The catacombs, of course, are the legacy of a tiny persecuted band of believers, meeting in their graveyards to escape the all-seeing eye of imperial Rome. The cathedrals represent a very different turn in church history: a church that not only could grow in size but could, in fact, outgrow and outlast the Empire itself. The catacombs represent simplicity and earthiness; the cathedrals transcendence and wonder.
We need both, somehow.
Sometimes American evangelicals, traveling to sites of significance in church history, are disappointed. They want to see a Disney-type restoration of “the early church” in a way that makes it seem as though the faith went by time-warp straight from a pristine golden era to the Graham Crusades. This sort of Christian tends to like the catacombs, for the same reason some people love working on their antebellum family histories but don’t like family reunions.
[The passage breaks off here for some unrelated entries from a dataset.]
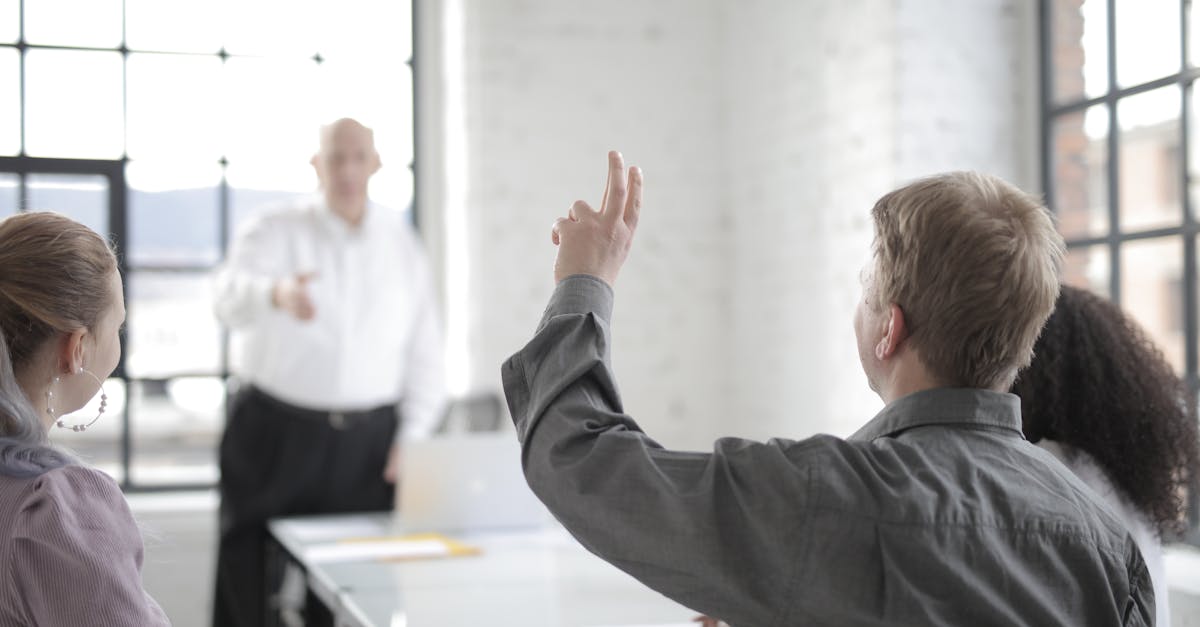Colleagues engaged in a brainstorming session in a modern office setting.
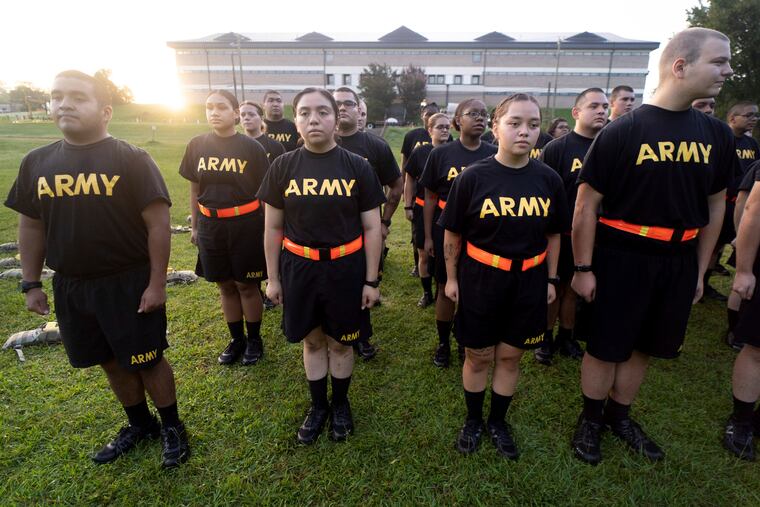 Students in the new Army prep course stand at attention after physical training exercises at Fort Jackson in Columbia, S.C., on Aug. 27, 2022.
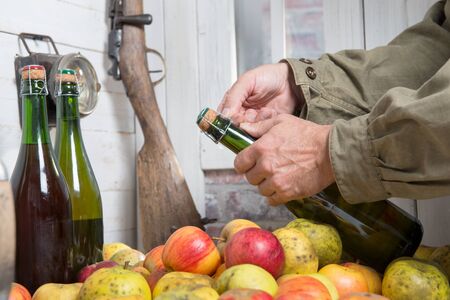 a man opening bottle of cider, apples on tableの写真素材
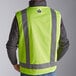 A man wearing an Ergodyne lime green surveyor vest with reflective stripes.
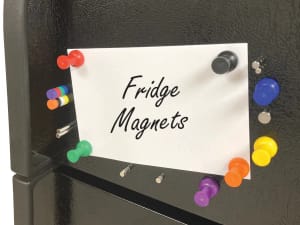 Colorful strong neodymium magnets holding picture on fridge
But the catacombs and the cathedrals both remind us of two things: God’s sovereignty in sending down the faith, and the frailty of humanity as stewards of that faith. We can’t romanticize the early persecuted church. After all, the New Testament Scriptures are often rebuking those churches for precisely the things we see going on in our churches today: division, carnality, immorality, arrogance (1 Cor. 4:7-13, 5:1-8, 6:1-8). And, if Christianity had remained in the catacombs, it is quite possible that you and I would have never encountered Christ.
He concludes:
In the heroic stories of church history (Athanasius defeats Arius! Augustine turns back Pelagius!) and in the awful parts (state churches and triumphalism and scandals), God is orchestrating a flow of the river of redemption that takes it from the hillsides of Judea through the bustling streets of Antioch right down to that Baptist church in Arkansas, or wherever it was that you first heard the name of the Christ of God.
The kingdom of God is vast and tiny, universal and exclusive. Our story is that of a little flock and of an army awesome with banners. It’s a Christianity of persecution and proliferation, of catacombs and cathedrals.